So, I was recently trying to insert 8 million rows into a table in my database (just another day in grad school) and noticed that the query was taking longer than usual. However, if I just selected the 8 million rows, it would execute pretty fast. The table I was inserting into had no triggers or indices, meaning something was blocking the insert.
That combination of being able to do fast selects and not being able to do inserts gave me the impression that the table was “locked” by a transaction or something. This had happened to me before, when I had an iPython notebook open and hadn’t closed my connection, and terminated a query midway by crashing the web page.
The last time, I knew what was causing the problem, so I simply closed the database connection in my iPython notebook and everything began working smoothly again. This time around, I had no clue what was causing the idle query. There are a gazillion things that connect to my database independently — a bunch of iPython notebooks to test models and ideas, scrapers that are constantly expanding the dataset and a web server through which I serve data for visualization to name a few.
I needed a way to find this hanging query in my database, and then close it in my database. And it turns out that this is actually super simple!
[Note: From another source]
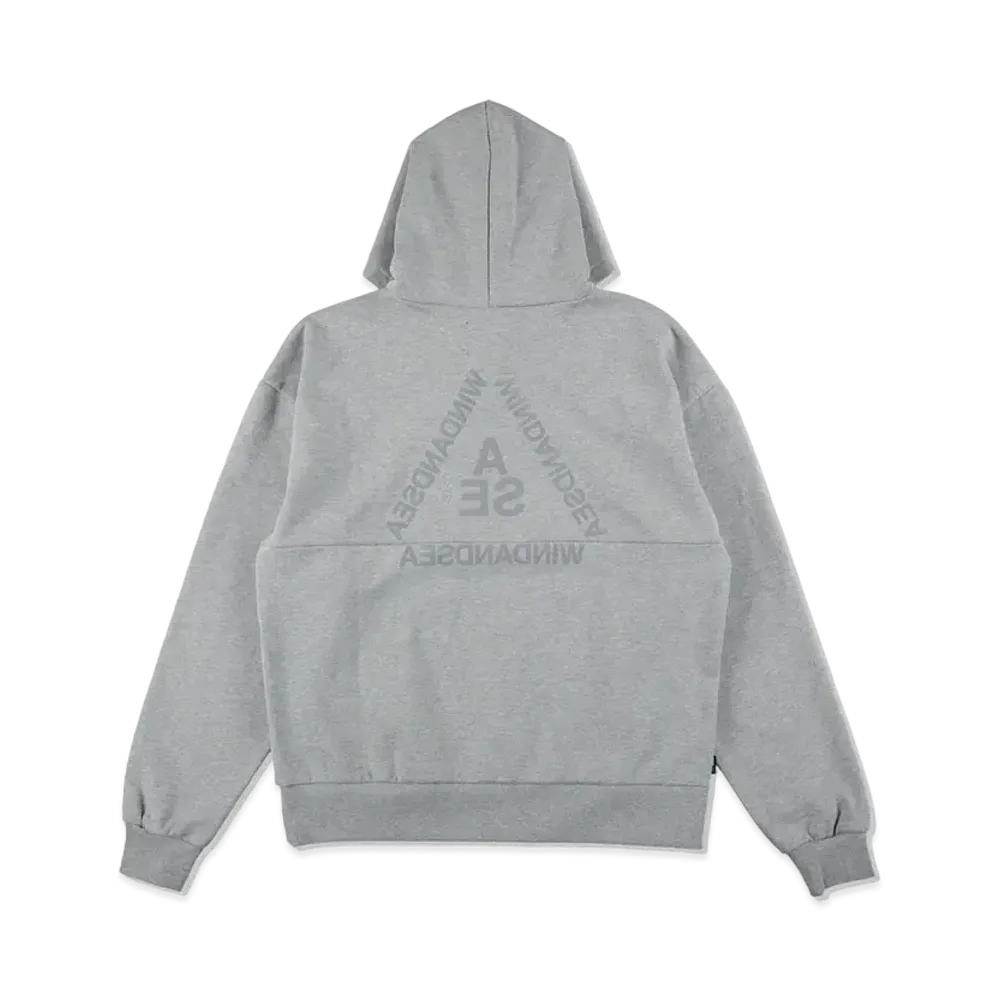 WIND AND SEA Glitch Triangle Hoodie "Gray"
First, figure out the relation id for the table that is locked. One easy way to do this, is to run your query that seems to hang forever. Then run this query:
SELECT * FROM pg_locks WHERE NOT GRANTED;
Since your query is hanging, it hasn’t been “granted” a lock and should show up on this list. Now copy the relation id of your table. Next, figure out what other locks are present on the same table.
SELECT * FROM pg_locks WHERE relation = <relationID>;
Now, be sure that you’re not killing the wrong query, or stopping some important process. Because, here’s the coolest part, you can simply kill the offending query with a single SQL statement! Just take the PID from the query above that is running (granted = true) and cancel it.
SELECT pg_cancel_backend(<pid from previous query>);
Before you do this, if you want to check some details of the query you’re going to kill, you can run this to get some sense of what they query was and when you began executing it.
SELECT
xact_start, query_start, backend_start,
state_change, state
FROM pg_stat_activity
WHERE pid IN (<pid from previous query>);
Mostly wrote this for my reference, but maybe it’ll help someone else too :)